Diplomata que bateu boca com Jean Wyllys não foi ao encontro com moradores de áreas atingidas pelas barragens, mas esteve presente para apoiar o governo de Donald Trump e oposição venezuelana em outro evento…poucos metros da sala onde as vítimas choravam seus mortos.
Maria Nazareth Farani Azevedo, a embaixadora do Brasil na ONU que na semana passada protagonizou um bate boca com Jean Wyllys, ignorou um evento nas Nações Unidas nesta terça-feira que reunia vítimas das barragens de Brumadinho e Mariana, além de relatores da ONU. Mas instantes antes de o debate sobre a situação no Brasil começar, ela estava em uma outra sala na ONU, poucos passos do local onde as vítimas brasileiras literalmente chovaram seus mortos. Maria Nazareth prestigiava um evento promovido pelo governo de Donald Trump para tratar da crise na Venezuela. O debate americano reunia nomes da oposição de Caracas e fora organizado para denunciar Nicolas Maduro.
A embaixadora não tomou a palavra. Mas tampouco encontrou tempo para sair do evento americano e dar apoio às vítimas brasileiras.
Para a reunião sobre os crimes em Minas Gerais, o governo brasileiro apenas mandou um secretário, um cargo bem abaixo do posto de embaixador na hierarquia no Itamaraty. Na diplomacia, o ato de enviar a uma reunião um funcionário subalterno ou a embaixadora tem um forte significado político.
Mas Maria Nazareth Farani Azevedo não teria de ter optado entre os dois encontros. A reunião sobre a situação da Venezuela terminou às 14.30h do horário de Genebra. Já o evento sobre a situação brasileira começaria exatamente às 14.30h. A distância entre as duas salas era de menos de 3 minutos, no mesmo andar do prédio da ONU.
A embaixadora, que na semana passada afirmou estar aberta ao diálogo, perdeu as lágrimas de Isabel Bento, moradora de Brumadinho. Chorando, a vítima falou da perda de seu irmão, Jonas. “Estamos em luto. Mães não receberam seus filhos para dar um enterro digno. Os funcionários da Vale morreram calados porque não podiam falar nada. A Vale matou meu irmão”, disse.
Para Leo Heller, relator da ONU para o Direito à Água, “o acidente não é culpa de Deus e nem de Newton”. “A narrativa era de que a culpa era de fenômenos físicos. Tanto o governo brasileiro como empresas tem responsabilidades claras em respeitar aos direitos humanos”, disse.
Outro relator da ONU, Baskut Tunkat, também mandou uma mensagem gravada e insistiu que quer visitar o Brasil para avaliar a situação das barragens. Seu pedido tem ocorrido desde o ano passado, sem uma resposta positiva por parte nem do governo de Michel Temer e nem Jair Bolsonaro.

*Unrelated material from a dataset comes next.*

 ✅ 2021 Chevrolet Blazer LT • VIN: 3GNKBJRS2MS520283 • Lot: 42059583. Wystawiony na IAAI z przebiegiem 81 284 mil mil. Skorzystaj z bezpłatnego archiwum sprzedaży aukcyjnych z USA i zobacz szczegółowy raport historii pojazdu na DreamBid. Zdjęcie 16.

Ao final do encontro, o diplomata enviado pela embaixadora pediu a palavra. Ele manifestou “total solidariedade com vitimas e familiares”. “Nós todos reconhecemos a magnitude da tragédia”, disse. Ele, porém, garantiu que o governo de Bolsonaro está disposto a receber as visitas de relatores e que as missões apenas não ocorreram por conta do período eleitoral no Brasil.
De acordo com ele, as visitas de relatores serão retomadas no segundo semestre do ano. Mas, como há quinze pedidos de missões de especialistas da ONU, a fila promete ser longa. O Itamaraty insiste que não houve um veto à missão para avaliar as barragens. Mas tampouco deu uma data para as visitas.
Procurada, a chancelaria em Brasília apenas respondeu depois que uma primeira versão da matéria havia sido publicada. De acordo com o Itamaraty, “a decisão sobre quem comparece a reuniões pela representação diplomática é corriqueira e atribuição natural dos chefes dos postos na gestão dos recursos humanos do posto”.
Nas últimas duas semanas, Maria Nazareth tampouco esteve presente em eventos públicos na ONU com a viúva de Marielle Franco, Mônica Benício, com indígenas, com defensores de direitos humanos e com o movimento LGBT. Em todos, ela enviou diplomatas subalternos, que leram declarações do compromisso do governo com os direitos humanos.